I am sure that there are many students who do fall through the cracks, but having worked on and visited many, many campuses during my career in higher education, I am convinced that the majority of colleges in the U.S. offer their students abundant opportunities to learn, grow, and succeed. I would encourage all of my fellow policy makers to get out of your offices and go visit some campuses if you really want to find out what is happening in higher education. Spend some time sitting in on classes and touring facilities to see how much things have changed since our day, and to fully understand that the sad-sack stories we hear from disgruntled students don’t necessarily tell the true story of what is happening at our nation’s colleges and universities. 

In fact, having seen the sort of remarkable support available to students on college campuses around the county, I’m left wondering if perhaps institutions aren’t working too hard to motivate, stimulate, guide, and satisfy students. The workplace isn’t nearly as coddling, nurturing, and inspiring as today’s colleges seem to be, and one can’t help but wonder if the ever-innovative and forgiving college campus isn’t setting students up for disappointment in the workplace.

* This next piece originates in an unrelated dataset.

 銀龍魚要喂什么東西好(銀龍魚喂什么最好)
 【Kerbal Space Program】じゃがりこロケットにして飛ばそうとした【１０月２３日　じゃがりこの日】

In the real world, people who don’t work hard often fail. Perhaps it would be helpful for students to learn that lesson early in life, long before they have a mortgage and a family to support. 

I am convinced that all campuses, regardless of size or cost, provide students with a remarkable range of academic support services, extracurricular activities, and mentorship opportunities in order to help each student realize his or her full potential. Perhaps now it is time to sit back and let students learn that it is up to them to take advantage of those opportunities, or to suffer the natural consequences. After all, in the real world, the boss isn’t likely to ask you if you need extra help, she isn’t likely to care if your doctor says you need extra time,  and he isn’t likely to ask you to evaluate the experience or to worry about whether or not you had fun.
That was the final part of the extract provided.